The decision gave the Artists instant credibility. It’s hard to find someone in the coaching community who says Holland’s arrival isn’t a positive step.

“He’s really good at adapting his offense and defense to [the talent] he has,” said Woodbridge’s Rick Gibson, who coached against Holland in the Sea View League. “He’s had good players before, but he gets the most out of average and below average players.”

Steve Bresnahan, coach of two-time defending PCL champion Laguna Hills, agreed, but preached caution: “Things just don’t happen that fast to build a football program. It takes a lot of hard work and time. To expect Dave to work miracles overnight isn’t fair.”

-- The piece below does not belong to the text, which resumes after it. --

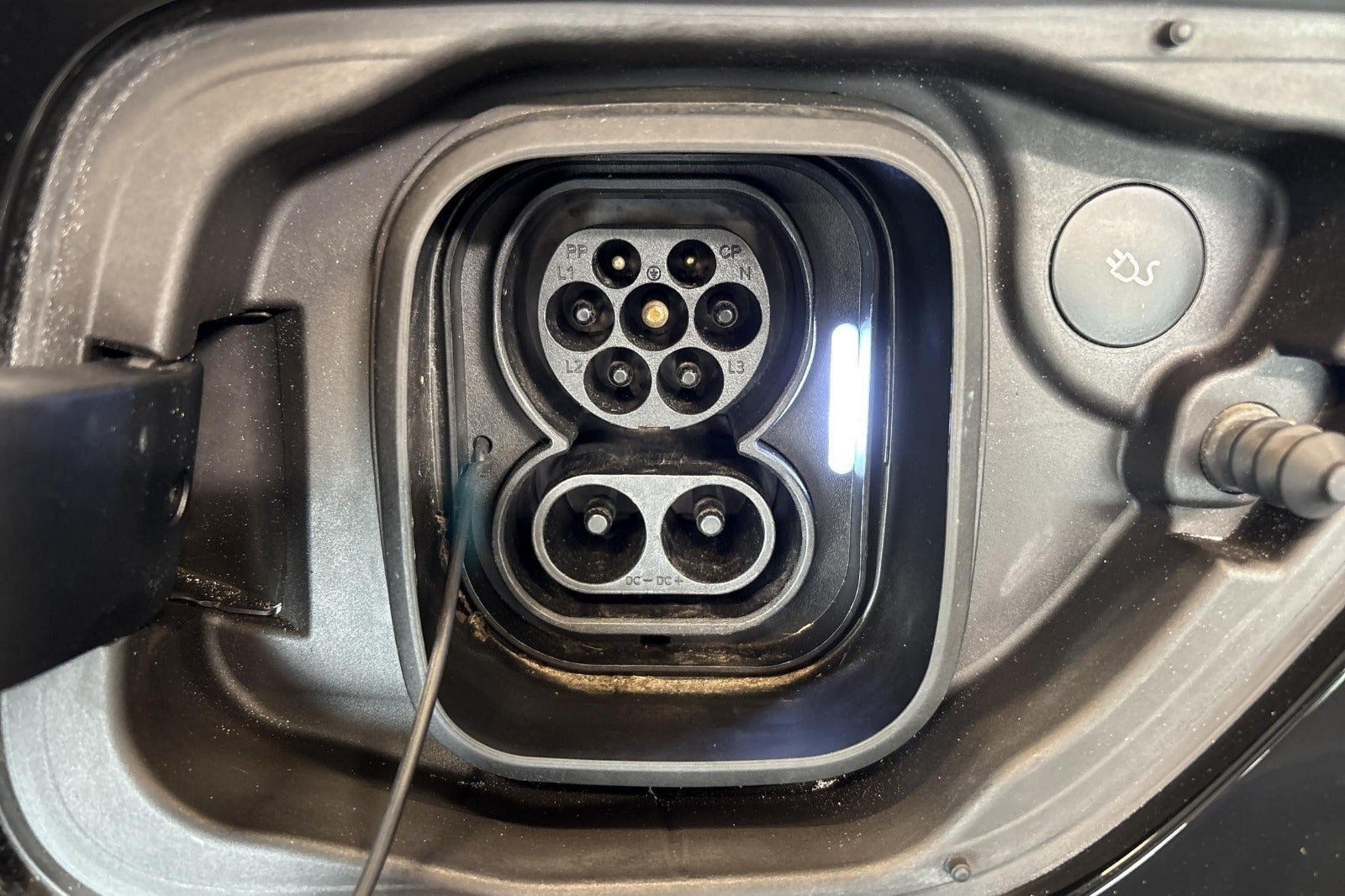 Sort Polestar 2 fra 2023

The commitment to the turnaround by Holland, hired in December, was evident when he taught a football class the second semester. “He was serious about how you dressed and acted, about being on time; that’s when the kids took notice, when he stayed on them into the second week,” Marshall said. “He was going to be consistent. If he believes this is the right way of doing it, he’s going to follow through on it.”

Since his arrival, a football booster club was formed, a summer lift-a-thon was created (raising $4,000 for a program that was more than $1,000 in debt), and a mandatory summer camp was held. Holland has emphasized the weight room, is doing away with the junior varsity program and concentrating on developing a strong freshman squad; there are 23 freshmen in the program, a total of 35 sophomores, juniors and seniors.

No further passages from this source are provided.